Clarify Batch Matrix Multiply operator usage

pareenaverma · web-flow · commit b47b9c42d71b · 2025-11-20T16:21:39.000-05:00
Updated the explanation of the Batch Matrix Multiply operator and clarified the instructions for constructing benchmark models.
diff --git a/content/learning-paths/mobile-graphics-and-gaming/measure-kleidiai-kernel-performance-on-executorch/06-create-matrix-mul-model.md b/content/learning-paths/mobile-graphics-and-gaming/measure-kleidiai-kernel-performance-on-executorch/06-create-matrix-mul-model.md
@@ -6,9 +6,9 @@ weight: 7
 layout: learningpathall
 ---
 
-In the previous section, we discussed that the Batch Matrix Multiply operator supports multiple GEMM (General Matrix Multiplication) variants.
+The Batch Matrix Multiply operator (torch.bmm) under XNNPACK lowers to GEMM and, when shapes and dtypes match supported patterns, can dispatch to KleidiAI micro-kernels on Arm. 
 
-To evaluate the performance of these variants across different hardware platforms, we construct a set of benchmark models that utilize the batch matrix multiply operator with different GEMM implementations for comparative analysis.

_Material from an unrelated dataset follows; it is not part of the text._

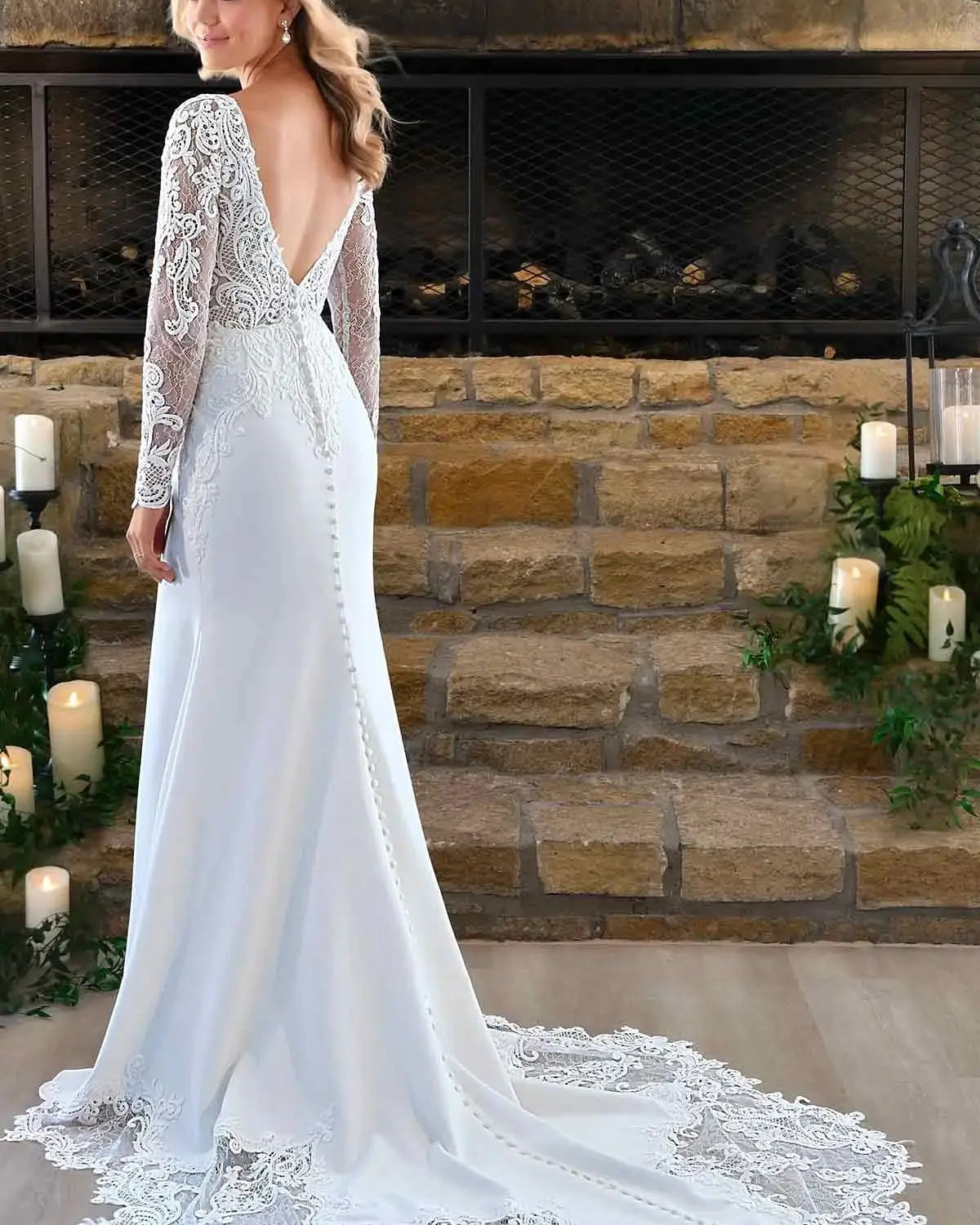 7478 | Stella York - Bridal Brilliance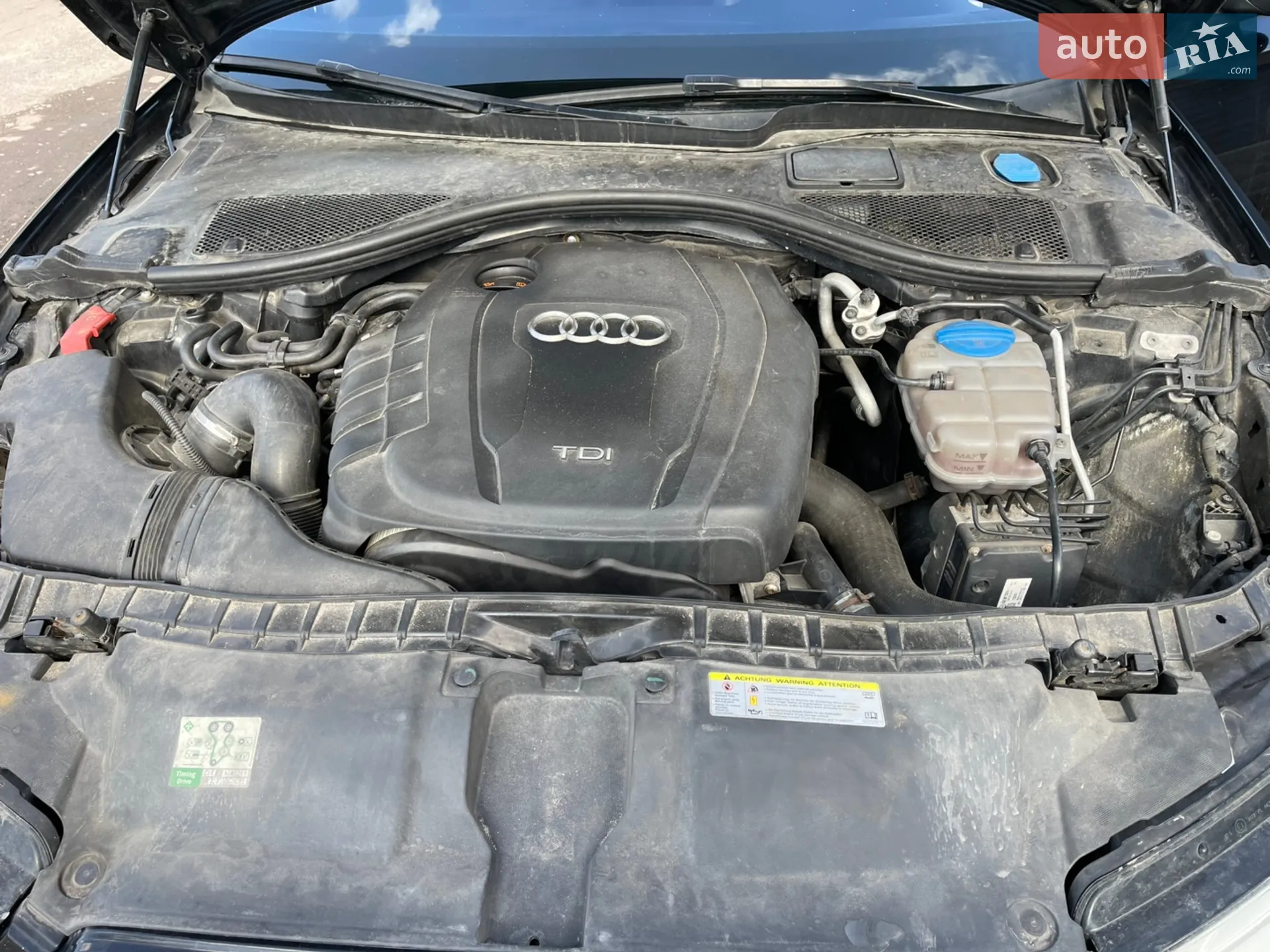 2013 Audi A6 - мініатюра 11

+To evaluate the performance of these variants across different hardware platforms, you will construct a set of benchmark models that utilize the batch matrix multiply operator with different GEMM implementations for comparative analysis.
 
 
 ### Matrix multiply benchmark model
@@ -72,11 +72,10 @@ export_mutrix_mul_model(torch.float32,"matrix_mul_pf32_gemm")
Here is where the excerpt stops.